Large Language Models (LLMs) are sophisticated artificial neural networks with millions or even billions of parameters, trained on massive datasets using self-supervised or semi-supervised learning techniques. These models are designed to understand and generate human-like information. The financial industry has begun utilizing these tools for various purposes, such as predicting the stock market, providing financial education, offering economic advice, creating trading strategies, analyzing market sentiment, and managing risks. With the advancements brought by models like ChatGPT, BloombergGPT, and FinGPT, there’s significant potential for these LLMs to impact the financial sector.
ChatGPT
Two finance professors from the University of Florida argue that advanced LLMs like ChatGPT can improve stock market predictions and enhance trading strategies. In their study, they used ChatGPT to predict stock market returns by analyzing sentiment from news headlines. They found that ChatGPT outperformed other models such as BERT, GPT-1, and GPT-2. Only more advanced models like ChatGPT are capable of analyzing vast amounts of data to make accurate market predictions.
ChatGPT, based on the generative pre-trained transformer (GPT) architecture, was introduced by OpenAI in November 2022. It uses a multi-layer neural network to capture patterns and structures in natural language, trained with unsupervised learning on large text corpora, like Wikipedia articles or web pages. For this particular study, the professors used data from the Center for Research in Security Prices, daily stock returns, news headlines, and RavenPack.

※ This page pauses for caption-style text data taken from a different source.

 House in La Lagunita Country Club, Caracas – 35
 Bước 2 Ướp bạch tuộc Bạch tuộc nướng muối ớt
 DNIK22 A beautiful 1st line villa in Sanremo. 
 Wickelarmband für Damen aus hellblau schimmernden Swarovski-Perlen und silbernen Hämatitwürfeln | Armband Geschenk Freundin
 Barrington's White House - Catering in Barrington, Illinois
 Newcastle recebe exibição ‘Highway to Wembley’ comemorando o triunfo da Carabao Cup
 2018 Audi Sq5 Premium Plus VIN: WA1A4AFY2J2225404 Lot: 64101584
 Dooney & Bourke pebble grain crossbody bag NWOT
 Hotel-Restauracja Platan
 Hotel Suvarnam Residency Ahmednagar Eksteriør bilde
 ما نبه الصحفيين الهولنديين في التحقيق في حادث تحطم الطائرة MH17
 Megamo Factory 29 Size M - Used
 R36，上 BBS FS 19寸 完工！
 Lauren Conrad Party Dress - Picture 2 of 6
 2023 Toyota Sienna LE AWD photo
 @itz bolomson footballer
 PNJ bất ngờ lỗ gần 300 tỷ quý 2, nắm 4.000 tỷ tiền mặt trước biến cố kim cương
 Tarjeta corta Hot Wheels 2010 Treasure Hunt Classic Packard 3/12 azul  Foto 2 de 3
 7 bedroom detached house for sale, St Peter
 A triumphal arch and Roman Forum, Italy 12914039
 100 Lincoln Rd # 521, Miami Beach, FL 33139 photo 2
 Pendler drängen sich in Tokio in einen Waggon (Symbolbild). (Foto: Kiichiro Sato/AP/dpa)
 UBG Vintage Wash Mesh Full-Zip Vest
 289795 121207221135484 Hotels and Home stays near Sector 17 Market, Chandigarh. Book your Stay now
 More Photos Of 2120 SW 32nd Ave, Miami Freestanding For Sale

The study highlights the potential of ChatGPT as a useful tool in the financial sector for predicting stock market movements based on sentiment analysis, although the authors acknowledge that further research is needed.
BloombergGPT
In March of this year, Bloomberg introduced its own LLM, BloombergGPT, designed specifically for the financial industry. This 50-billion-parameter model is built on a dataset of 363 billion tokens from Bloomberg’s proprietary data, combined with an additional 345 billion tokens from general-purpose sources.
BloombergGPT was validated on finance-specific natural language processing (NLP) benchmarks, as well as Bloomberg’s own internal benchmarks. The results showed that BloombergGPT outperformed other models like GPT-NeoX, OPT66B, BLOOM176B, and GPT-3, especially in financial applications. Bloomberg’s ability to curate a large, high-quality domain-specific dataset over the past four decades gave it a distinct advantage in training an LLM suited for financial use.
Gideon Mann, head of Bloomberg’s ML Product and Research team, emphasized the importance of high-quality data, noting that Bloomberg’s extensive collection of financial documents allowed them to create a highly specialized model. BloombergGPT is designed to improve existing workflows and open new opportunities to enhance financial services for customers.
FinGPT
Unlike BloombergGPT, which relies on proprietary data, FinGPT is an open-source LLM developed for the finance industry. Released in March 2023 by Finblox, a crypto trading platform supported by Dragonfly and Sequoia, FinGPT is aimed at democratizing AI-powered financial tools. The goal is to make financial literacy and resources accessible to a wider audience.
Peter Hoang, CEO of Finblox, explained that FinGPT’s mission is to empower users by providing personalized financial guidance and recommendations. With its easy-to-use interface, FinGPT represents a step toward creating a more inclusive financial ecosystem that promotes financial literacy and accessibility for all.